News

Platinum Mile development construction underway

Developers have started to break ground on the town’s first mixed-use development along the Platinum Mile, after securing approval for the project almost one year ago.

Normandy Real Estate Partners and Toll Brothers, a publicly owned home development company, are constructing a 421-unit rental complex at 103-105 Corporate Park Drive, which is the former site of a commercial office building.

The mixed-use development, known as “Carraway,” will include a five-story rental apartment building that features studio, one- and two-bedroom units. Additionally, the development will feature 5,000 square feet of space for a restaurant and other commercial expansions, as well as 10,000 square feet of recreational amenity space such as courtyards, a gym, a bike lounge, a pet spa and a swimming pool. There will also be 752 indoor and outdoor parking spaces on site.

Normandy Real Estate Partners and Toll Brothers have begun breaking ground on Harrison’s first mixed-use development at 103-105 Corporate Park Drive, which is situated along the Platinum Mile. Photo courtesy Normandy Real Estate Partners

After efforts by former town Councilman Joe Stout, a Democrat, to include affordable housing at the site, Carraway will also offer 42 units at market-rate costs.

That affordable housing plan will accommodate 21 units for households earning up to 60 percent of the area median income—about $52,000 for a family of two—and 21 units for couples earning up to 80 percent of the area median income, approximately $69,000.

In addition to Stout’s emphasis on affordable housing at the Corporate Park Drive location, the idea was met with support a year prior from several county housing organizations such as the Habitat for Humanity for Westchester and Community Housing Innovations Inc., which spoke before the Harrison Planning Board to advocate for affordable housing.

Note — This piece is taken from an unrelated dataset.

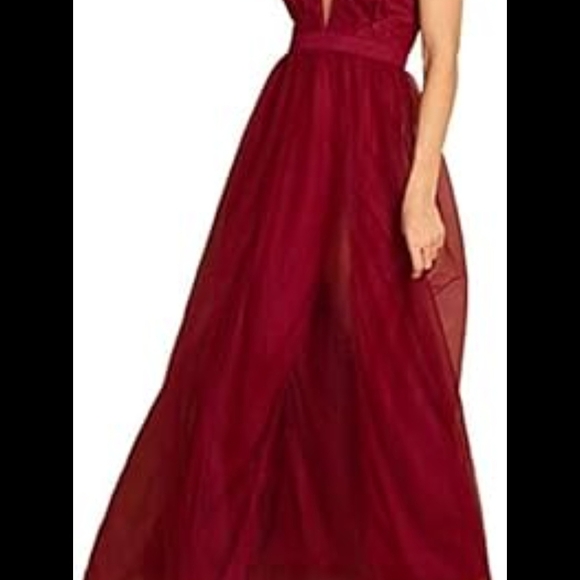 Elegant Red Gown - Picture 7 of 15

The push for market-rate housing at the location came amidst a controversial county affordable housing debate, in which former U.S. Department of Housing and Urban Development monitor James Johnson, who is running for governor of New Jersey this year, included the town/village of Harrison amongst six other Westchester municipalities that weren’t complying with a 2009 affordable housing settlement that required 31 communities to create 750 units of market-rate housing within a seven-year time frame.

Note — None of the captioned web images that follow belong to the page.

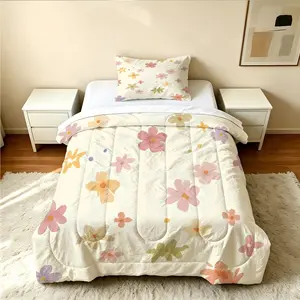 2/3Pcs Crayon Dream Fun Series Comforter Set (with Fillings, Excluding Pillow Inserts), Constant Temperature and Lightweight Design, Neat Edge Finishing, Suitable for Bedrooms and Guest Rooms, Building a Gentle and Relaxing Rest Mood.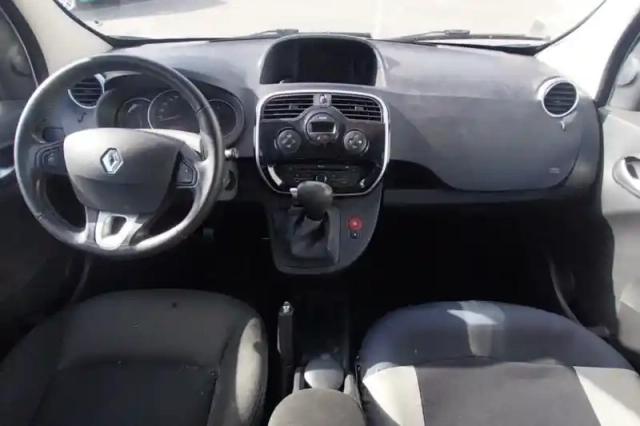 Renault Kangoo tce 115 edc — photo 9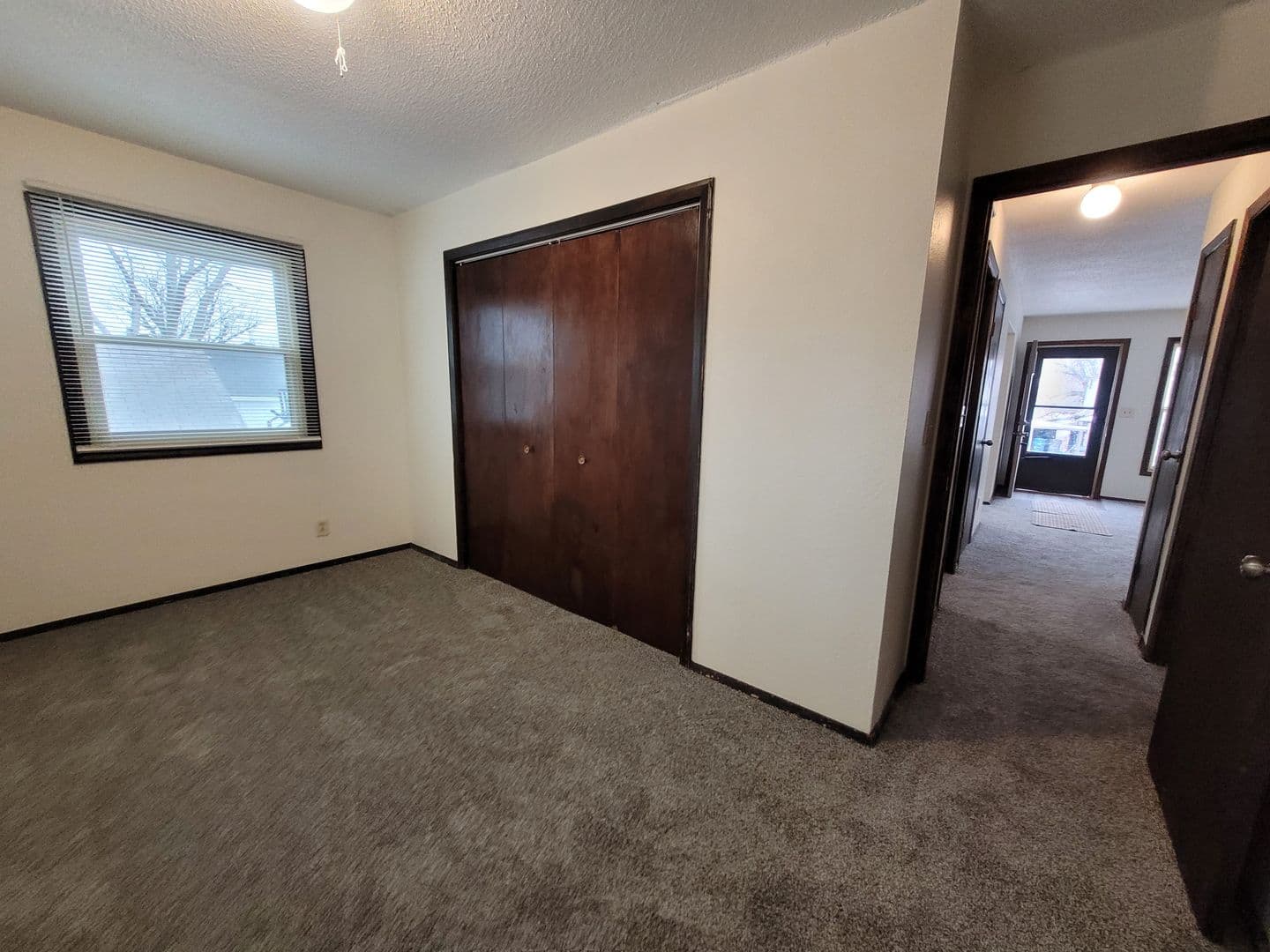 Des Moines Apartment: 3810-3812 SW 3rd Street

Harrison had gone nearly a quarter of a century without approving any units of affordable housing in the area.

Last year, Mayor Ron Belmont, a Republican, told the Review the development would help reverse a trend of corporate departures from the “teardrop” area off of the Hutchinson River Parkway and Interstate 287. He said, during the late 1970s and ‘80s, Harrison generated as much as 68 percent of its annual tax revenue from companies such as General Foods, Texaco and IBM.

Today, Harrison generates approximately 18 percent of its tax revenue from businesses along the Platinum Mile.

“All the ingredients [for success] are there and it gives us the opportunity to offer new housing choices to our residents and employees,” Belmont said previously about the land designated for construction, which has been abandoned for nearly 15 years.

Belmont could not be reached for additional comment, as of press time.